The deal was brokered by the Romanian broker, Romtehnica, which has repeatedly served as a connecting link for countries buying weapons for Ukraine. However, the Pakistani supplier was unable to deliver the ammunition.
Other countries are also contributing to Ukraine’s war effort. Luxembourg is supplying Ukraine with arms that originate in the Czech Republic. Brokers with cash from the United States are scouring factories in Bosnia and Herzegovina, Serbia and Romania for shells.
Bulgaria is one of the major munitions supplier to Ukraine. Since the times of the Soviet Union, it has operated powerful ammunition factories such as Terem in the town of Kostenets or VMZ in Sopot. After the Cold War had ended, the factories stopped production, and the nearby towns were decaying.
However, in 2022, then-Prime Minister Kiril Petkov initiated the exports of munitions to European Union countries, which then sent them to Ukraine. According to Petkov, Bulgarian ammunition soon accounted for one-third of Ukraine’s supplies.
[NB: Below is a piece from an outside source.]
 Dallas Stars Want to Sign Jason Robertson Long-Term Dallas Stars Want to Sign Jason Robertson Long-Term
Bulgaria’s projected arms exports soared in 2022, exceeding $3 billion, around five times the sales abroad in 2019, according to government estimates. The expanding military industry also provides jobs for residents of small towns.
"Probably there isn’t a single family in town whose members haven’t worked or are not working at the VMZ plant," the mayor of Sopot, Deyan Doinov, said. "Virtually we have no unemployment — only those who do not want to work are jobless."
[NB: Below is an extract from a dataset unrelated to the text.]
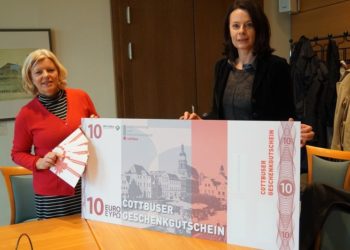 Gabi Grube und Daniela Kerzel vom Stadtmarketing- und Tourismusverband präsentieren den "Cottbuser Geschenkgutschein"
The United Kingdom won’t give Ukraine fighter jets: it’s too complicated
Britain is not planning to send RAF Typhoons to Ukraine, Defense Secretary Ben Wallace has said, rejecting a high profile campaign led by Ukraine’s president, Volodymyr Zelenskiy, with the support of the former prime minister Boris Johnson, The Guardian reports.
Speaking on the first anniversary of Russia’s invasion of Ukraine, Ben Wallace said the Typhoons would be too complex for Ukrainian pilots to fly and would involve putting hundreds of British troops on the ground to support them:
"Gifting a fighter jet comes with hundreds of people: engineers, pilots, training, electronic warfare. The West is not going to be putting troops into Ukraine on those scales."
Nevertheless, the Ministry of Defense has begun training Ukrainian pilots on their fighter jets. According to British officials, it could take years, but Zelenskiy said it could be much shorter.
The other quick way to help Ukraine get fighter jets, according to Wallace, is for European countries to give it Soviet-made MiG 29s or Su-24s, with London donating them modern fighter jets to backfill, The Guardian reports.
Ben Wallace referred to the countries that, unlike Ukraine, have the capability to use modern NATO military equipment.
"Peace talks" for Ukraine from China: how the EU and NATO reacted
China’s call for peace talks between Ukraine and Russia "doesn’t have much credibility", NATO Secretary General Jens Stoltenberg said, as cited by The Guardian.
During a visit to Estonia, the Secretary General was asked about China’s 12-point position paper on Ukraine, which calls for the international community to "create conditions and platforms" for negotiations to resume.
"China doesn’t have much credibility because they have not been able to condemn the illegal invasion of Ukraine and they also signed just days before the invasion an agreement between President Xi and President Putin on a limitless partnership with Russia," Stoltenberg explained.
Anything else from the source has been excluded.